**TASK DIRECTIONS:** Take the records below and set down exactly the lines from the one with "Ciudad Quesada - Costa Blanca" to the one with "Volvo V60 Front seatbelt 616155700", ends included; do not copy the pictures.

**INPUT MATERIAL:**
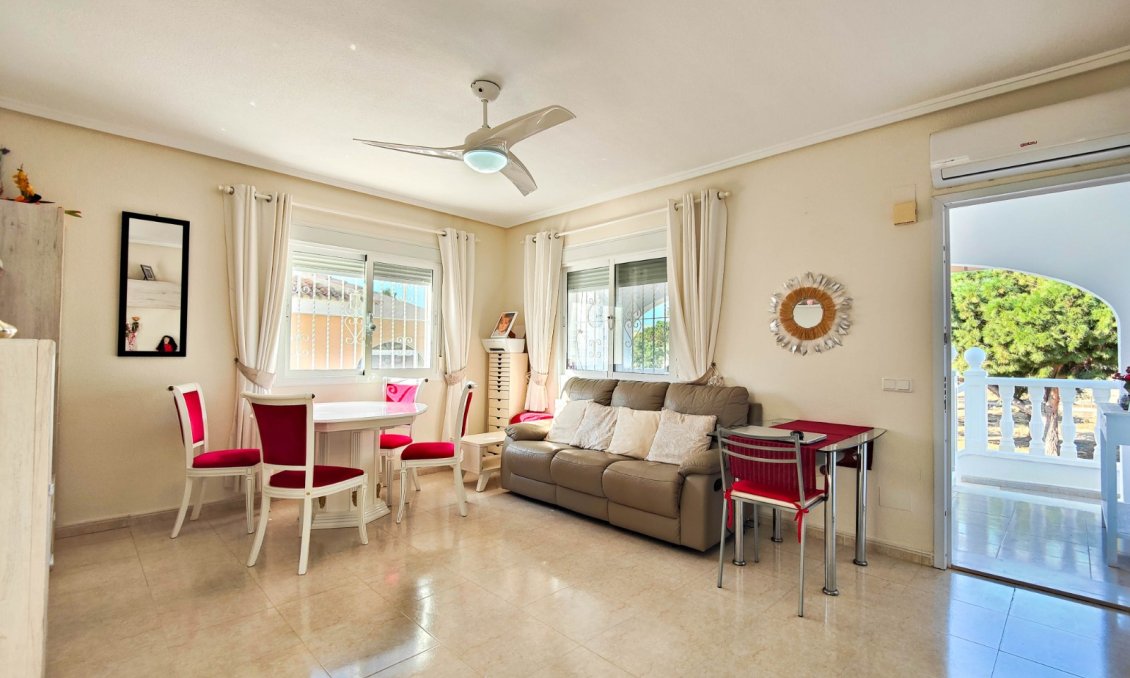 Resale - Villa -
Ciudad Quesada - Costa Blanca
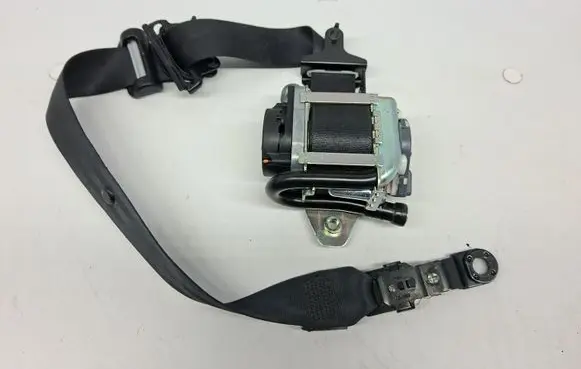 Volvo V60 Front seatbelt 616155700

---

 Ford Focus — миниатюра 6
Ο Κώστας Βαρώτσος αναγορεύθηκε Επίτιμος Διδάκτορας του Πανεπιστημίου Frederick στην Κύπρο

**TASK RESPONSE:**
Ciudad Quesada - Costa Blanca
 Volvo V60 Front seatbelt 616155700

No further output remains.